Histoires de baseball
La littérature sportive canadienne ne s’est toutefois pas limitée au hockey. En fait, le roman sportif le plus connu d’un auteur canadien est Shoeless Joe (1982) de W. P. Kinsella. Adapté dans le film hollywoodien à succès Field of Dreams (1989), il rapproche le baseball de la pure magie et situe le jeu dans une tradition pastorale typiquement états-unienne. The Iowa Baseball Confederacy (1986) de W. P. Kinsella approfondit le côté mystique du baseball états-unien et The Secret Mitzvah of Lucio Burke (2005) de Steven Hayward donne au baseball des pouvoirs magiques dans le contexte canadien de l’émeute des Christie Pits à Toronto en 1933. Un certain nombre de romans de baseball pour enfants ont également été publiés, notamment Baseball Crazy (1987) de Martyn Godfrey et Baseball Bats for Christmas (1990) de Michael Kusugak.

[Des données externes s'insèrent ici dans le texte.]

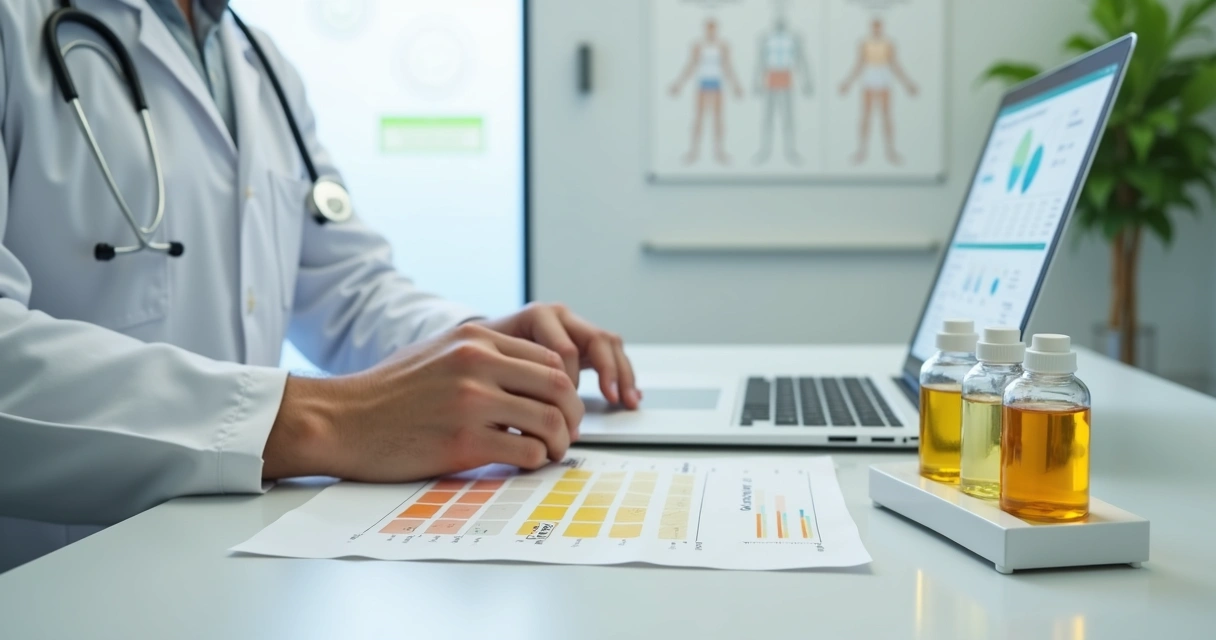 Nutricionista analisando amostras de urina com escala de cores em contexto de nutrição esportiva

La poésie canadienne sur le baseball a aussi choisi de mettre en valeur le côté mythique du sport même si l’exemple le plus remarquable à c e chapitre, « Elegy Five » de George Bowering dans Kerrisdale Elegies (1984), se veut à la fois romantique et réaliste. Explorant les thèmes universels de la perte et du deuil ainsi que la place du poète canadien dans le canon littéraire eurocentrique, les poèmes conservent un lien étroit avec l’ordinaire. Les dernières lignes des Kerrisdale Elegies résument bien le paradoxe : « The single events that raise our eyes and stop our time / are saying goodbye, lover, / goodbye. » (Les seuls événements qui font lever les yeux et arrêter le temps / sont de dire au revoir, amant, / au revoir.)
Histoires d’autres sports
Les romans canadiens ne se limitent pas qu’au hockey et au baseball quant il est question de littérature sportive. Par exemple, dans le roman The Black Bonspiel of Willie MacCrimmon (1993) de W. O. Mitchell, le héros et ses amis jouent une partie de curling contre le diable sur sa patinoire. En 1991, Roch Carrier a publié The Boxing Champion, une suite à The Hockey Sweater. De nombreux sports composent la trame principale de romans pour enfants, notamment le surf des neiges (Skateboard Shakedown de Lesley Choyce, 1989), l’équitation (Summer Goes Riding de Jan Truss, 1987), le traîneau à chiens (Dog Runner de Don Meredith, 1989) et le ski (Ski for Your Mountain de Sharon Siamon, 1983).
Au début des années 2000, la poésie sportive canadienne a commencé à s’éloigner du hockey et du baseball. L’exemple le plus frappant en est Priscila Uppal qui a été poète en résidence pendant les Jeux olympiques d’hiver et les Jeux paralympiques de 2010 à Vancouver, ce qui a donné lieu à la publication de son livre Winter Sport: Poems (2010).
Histoires de sport féminin
Alors que le sport a toujours été considéré la chasse gardée de l’homme, un certain nombre de romans dignes de mention écrits par des femmes remettent implicitement en question la domination masculine en présentant l’athlétisme féminin comme normal et naturel. The Bone Cage (2007) d’Angie Abdou, livre finaliste au concours Canada Reads en 2011, suit l’entraînement de deux athlètes olympiques, une nageuse et une lutteuse, et aborde l’impuissance qu’éprouvent ces athlètes lorsqu’elles ne peuvent plus compétitionner au plus haut niveau. Sage Island (2008) de Samantha Warwick raconte l’histoire d’une jeune femme qui découvre son identité personnelle par la natation tandis que Post (2007) d’Arley McNeney parle des sentiments qu’éprouve une joueuse en fin de carrière de l’équipe nationale féminine de basketball en fauteuil. Angie Abdou, qu’on a décrite comme une écrivaine de la « vie d’athlète », a ensuite fait le saut dans le ski, le surf des neiges et la motoneige dans The Canterbury Trail (2011), qui met en scène un concours d’histoires qu’organisent des habitants en quête d’une dernière aventure avant le printemps.